I also couldn't help wondering if the delay in filing the 10-Q might have had something to do with the issue of how, or whether, to report the resignation therein. Obviously, even though there was a three week period between the actual resignation and the Subsequent Event public notification of it, the issue STILL isn't settled:
"Subject to the entry into a Severance Agreement, Dr. Seymour will assume the role of Chief Executive Officer Emeritus."



ps. Anyone curious to know exactly what A Company's reporting obligations are IF a Director resigns due to a disagreement with its Board or Management they can be found on p. 15 of https://www.sec.gov/files/form8-k.pdf. Obviously I have no idea whether there was any such disagreement between Seymour and NanoViricides. The typical 8-K reporting an Officer/Director resignation clearly states that there was no such disagreement when that's the case.

Here are a few excerpts:
"a brief description of the circumstances representing the disagreement that the registrant believes caused, in whole or in part, the director’s resignation, refusal to stand for re-election or removal."
"If the director has furnished the registrant with any written correspondence concerning the circumstances surrounding his or her resignation, refusal or removal, the registrant shall file a copy of the document as an exhibit to the report on Form 8-K."

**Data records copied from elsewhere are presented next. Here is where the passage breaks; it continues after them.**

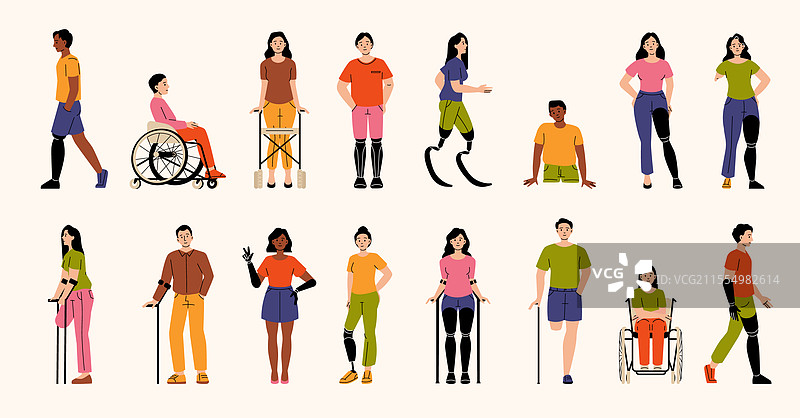 一群多样化的残疾人士展示自己图片素材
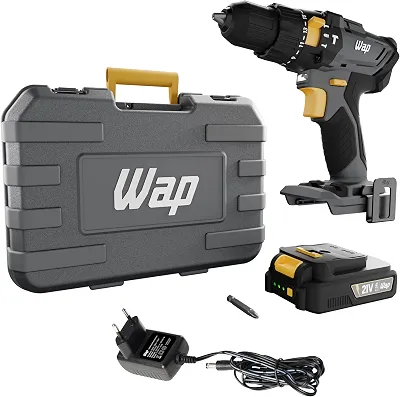 WAP Parafusadeira e Furadeira com Impacto à Bateria 3/8' 21V K21-ID01, com Maleta Organizadora, Torque 21 Níveis, Bivolt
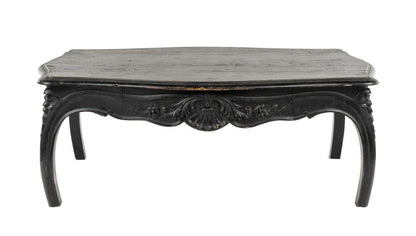 19th Century antique French Black lacquered Coffee Table with Coquille carvings and central drawer from Lyon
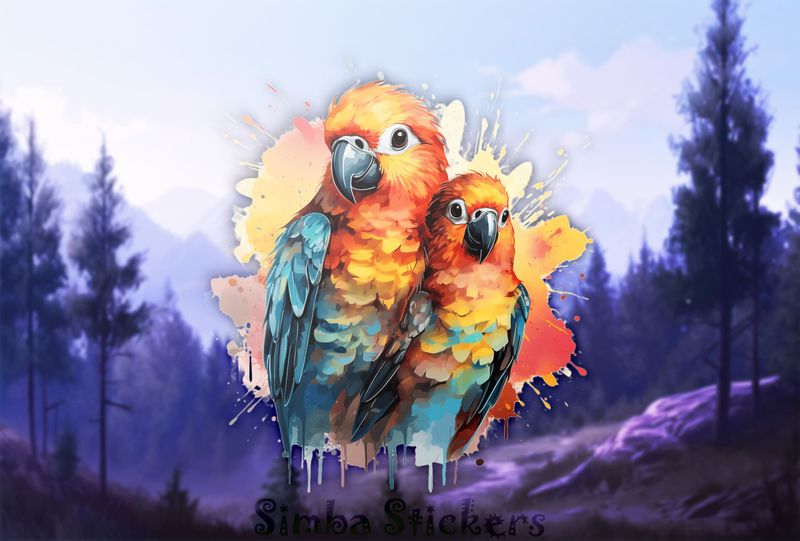 Parrot with youngling, p0mnha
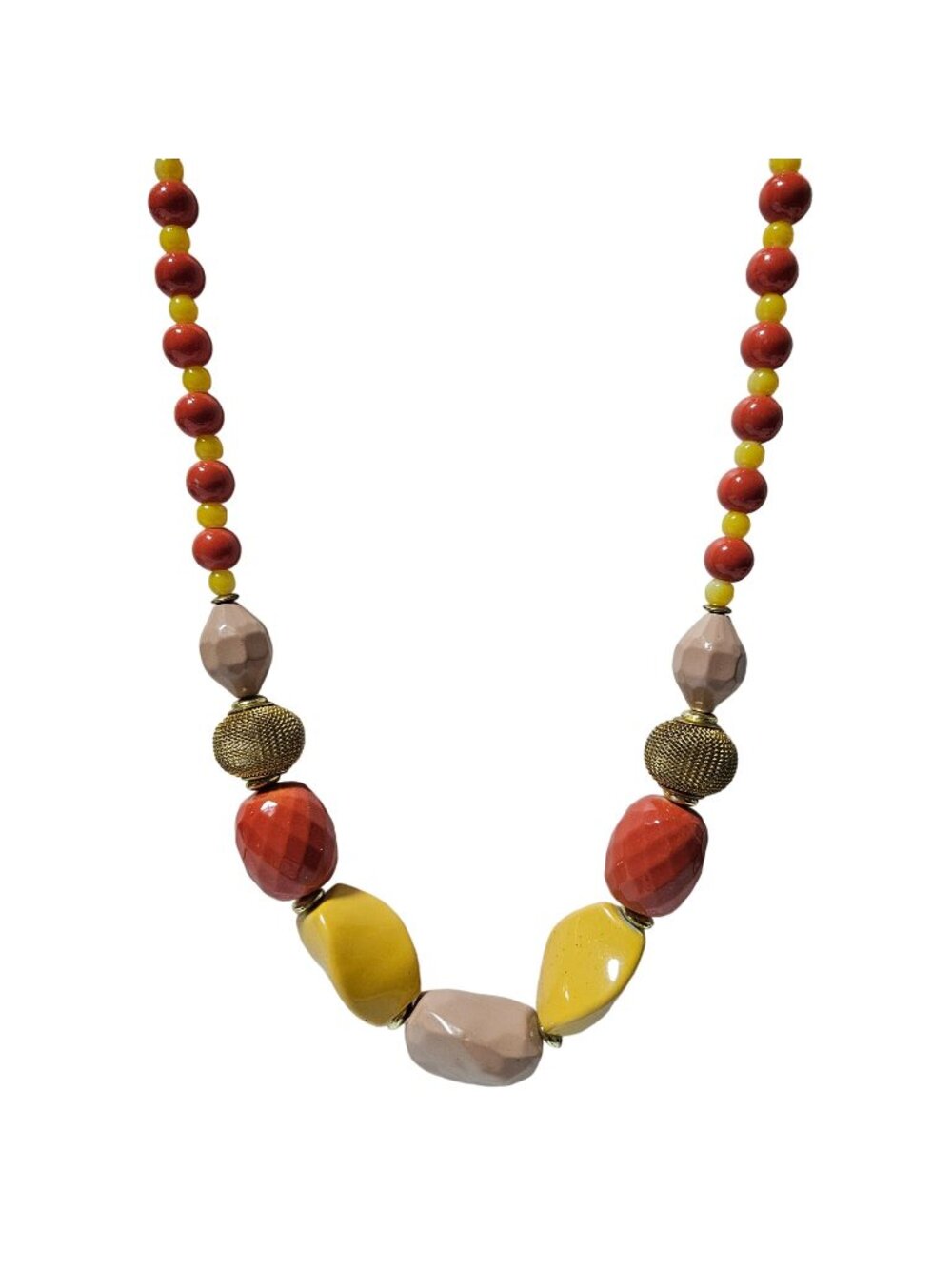 Vintage Chunky Beaded Necklace Orange Mustard Yellow Taupe Boho Autumn Statement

(i) provide the director with a copy of the disclosures it is making in response to this Item 5.02 no later than the day the registrant file the disclosures with the Commission;
(ii) provide the director with the opportunity to furnish the registrant as promptly as possible with a letter addressed to the registrant stating whether he or she agrees with the statements made by the registrant in response to this Item 5.02 and, if not, stating the respects in which he or she does not agree; and
(iii) file any letter received by the registrant from the director with the Commission as an exhibit by an amendment to the previously filed Form 8-K within two business days after receipt by the registrant.

But can it core A apple?
Yes Ralph, of course it can core A apple.